Most of your question has already been answered, but I wanted to elaborate on this bit:
Coming from Java, I am naturally
inclined to always use version 1, but
the templates versions seem to be
preferred often, e.g. in STL code? If
that's true, is it just because of
memory efficiency etc (no inheritance,
no virtual function calls)?
That's part of it. But another factor is the added type safety. When you treat a BrakeWithABS as a Brake, you lose type information. You no longer know that the object is actually a BrakeWithABS. If it is a template parameter, you have the exact type available, which in some cases may enable the compiler to perform better typechecking. Or it may be useful in ensuring that the correct overload of a function gets called. (if stopCar() passes the Brake object to a second function, which may have a separate overload for BrakeWithABS, that won't be called if you'd used inheritance, and your BrakeWithABS had been cast to a Brake.
Another factor is that it allows more flexibility. Why do all Brake implementations have to inherit from the same base class? Does the base class actually have anything to bring to the table? If I write a class which exposes the expected member functions, isn't that good enough to act as a brake? Often, explicitly using interfaces or abstract base classes constrain your code more than necessary.

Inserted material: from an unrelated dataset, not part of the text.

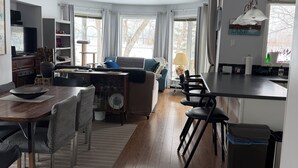 A spacious living area with a dining table, chairs, a sofa, and a kitchen area with a counter and sink. - A  peaceful country retreat a block away from the beach,with beautiful sunsets.  (Dunnottar)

(Note, I'm not saying templates should always be the preferred solution. There are other concerns that might affect this, ranging from compilation speed to "what programmers on my team are familiar with" or just "what I prefer". And sometimes, you need runtime polymorphism, in which case the template solution simply isn't possible)
this answer is more or less correct. When you want something parametrized at compile time - you should prefer templates. When you want something parametrized at runtime, you should prefer virtual functions being overridden.
However, using templates does not preclude you from doing both (making the template version more flexible):
struct Brake {
virtual void stopCar() = 0;
};
struct BrakeChooser {
BrakeChooser(Brake *brake) : brake(brake) {}
void stopCar() { brake->stopCar(); }
Brake *brake;
};
template<class Brake>
struct Car
{
Car(Brake brake = Brake()) : brake(brake) {}
void slamTheBrakePedal() { brake.stopCar(); }
Brake brake;
};
// instantiation
Car<BrakeChooser> car(BrakeChooser(new AntiLockBrakes()));
That being said, I would probably NOT use templates for this... But its really just personal taste.
Abstract base class has on overhead of virtual calls but it has an advantage that all derived classes are really base classes. Not so when you use templates – Car<Brake> and Car<BrakeWithABS> are unrelated to each other and you'll have to either dynamic_cast and check for null or have templates for all the code that deals with Car.
Use interface if you suppose to support different Break classes and its hierarchy at once.
Car( new Brake() )
Car( new BrakeABC() )
Car( new CoolBrake() )
And you don't know this information at compile time.
If you know which Break you are going to use 2b is right choice for you to specify different Car classes. Brake in this case will be your car "Strategy" and you can set default one.
I wouldn't use 2a. Instead you can add static methods to Break and call them without instance.
Personally I would allways prefer to use Interfaces over templates because of several reasons:
Templates Compiling&linking errors are sometimes cryptic
It is hard to debug a code that based on templates (at least in visual studio IDE)
Templates can make your binaries bigger.
Templates require you to put all its code in the header file , that makes the template class a bit harder to understand.
Templates are hard to maintained by novice programmers.
I Only use templates when the virtual tables create some kind of overhead.
Ofcourse , this is only my self opinion.